Un mundo libre de humo de tabaco

Durante dos décadas se ha podido ver en el mundo que menos lugares, tanto públicos como privados, permiten el consumo del cigarro, esto se ha debido tanto a iniciativas privadas como gubernamentales, y es que se ha determinado de manera científica que el cigarro es una amenaza a la salud pública considerable; de hecho, seis millones de individuos mueren a causa del cigarro cada año, y lo más escandaloso es que de estas personas, casi un millón no son fumadores directos, sino indirectos o pasivos.
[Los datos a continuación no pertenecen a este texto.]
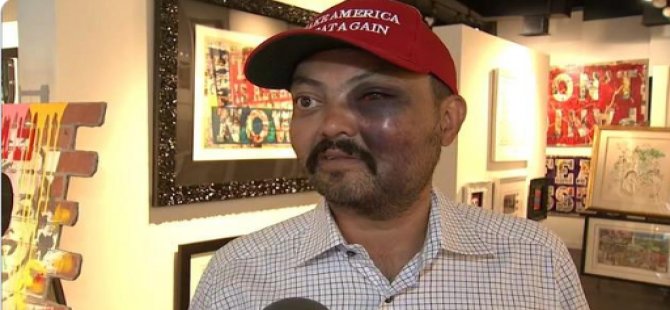 ABD'de bir Türk, Trump destekçisi olduğu için dövüldü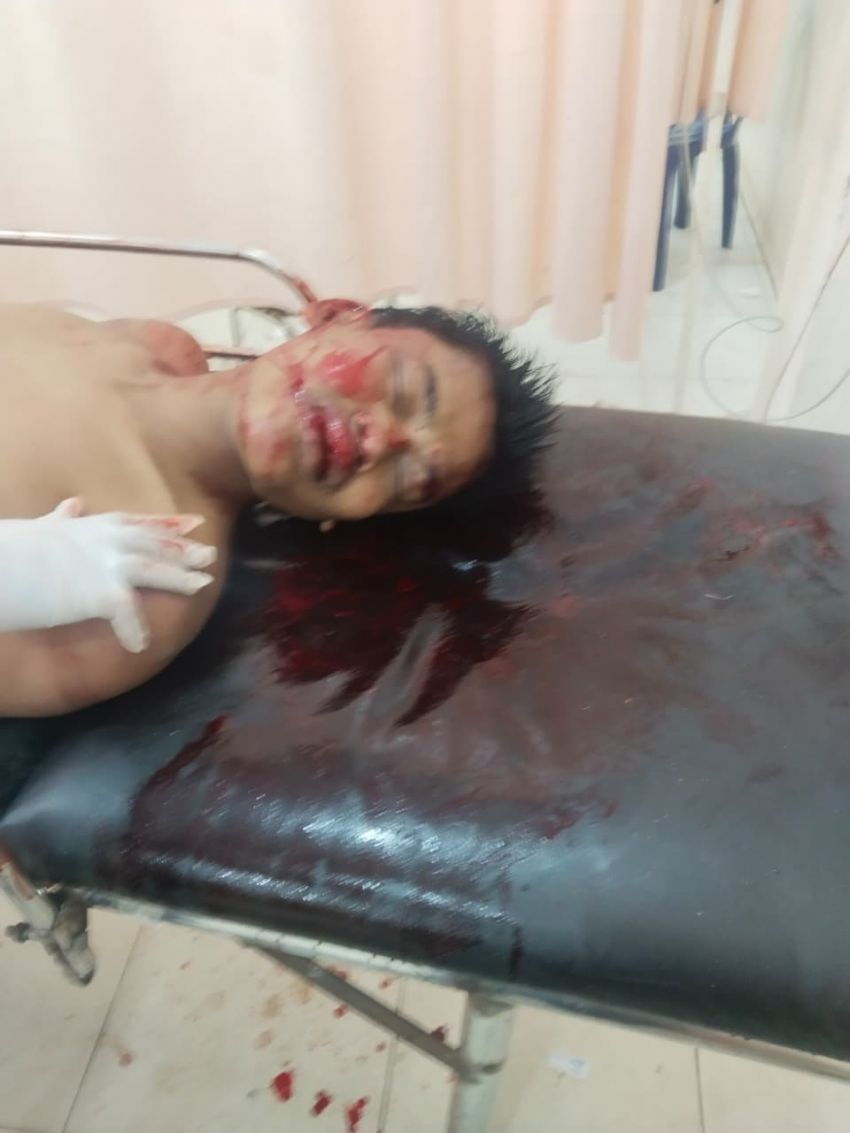 Perkelahian Dua Geng Motor di Kota Tebingtinggi, Seorang Pelajar Kritis Nyaris Tewas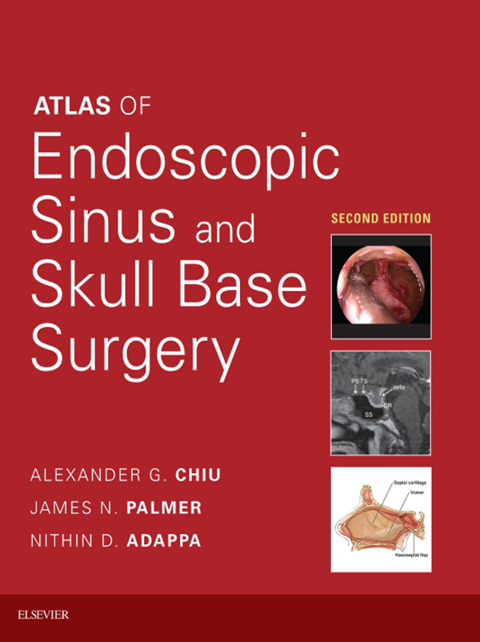 Cover image for book Atlas of Endoscopic Sinus and Skull Base Surgery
Muchas organizaciones no gubernamentales y también del gobierno, están al frente de una insaciable lucha para poder hacer cumplir la legislación existente en cuanto a los espacios libres del humo del cigarro, intentando que los comercios, y oficinas estén libres de la presencia de este humo mortífero. El mayor problema con el consumo del cigarrillo es que no sólo afecta a la persona que es adicta, la cual toma decisiones y puede determinar si arruinar su salud o no, sino que también afecta a las personas que pasivamente inhalan este humo, sólo por estar cerca de otra persona que esté consumiendo cigarros.

En todo el mundo debe haber políticas más intensas y eficientes para la creación de una conciencia que esté en contra del consumo del cigarro. De esta manera, se debe asesorar y divulgar información sobre los daños que ocasiona el cigarrillo, y también los beneficios que trae a la salud pública el abandono social del consumo del cigarrillo. Hay quienes establecen que es suficiente la muestra de advertencias en los productos, o la inexistencia por causa de prohibición, de publicidad destinada al consumo del tabaco; pero la verdad es que si fuese así de fácil, ninguna droga fuese ilegal, sino que todas podrían consumirse con estas facilidades que dan a la industria del tabaco. La verdad es que no debería ser tan floja la lucha contra el consumo del cigarro, por cuanto es una de las principales causas de muertes en todo el mundo, ocasionando grandes enfermedades no sólo a sus consumidores sino a las personas que infortunadamente conviven con personas consumidoras.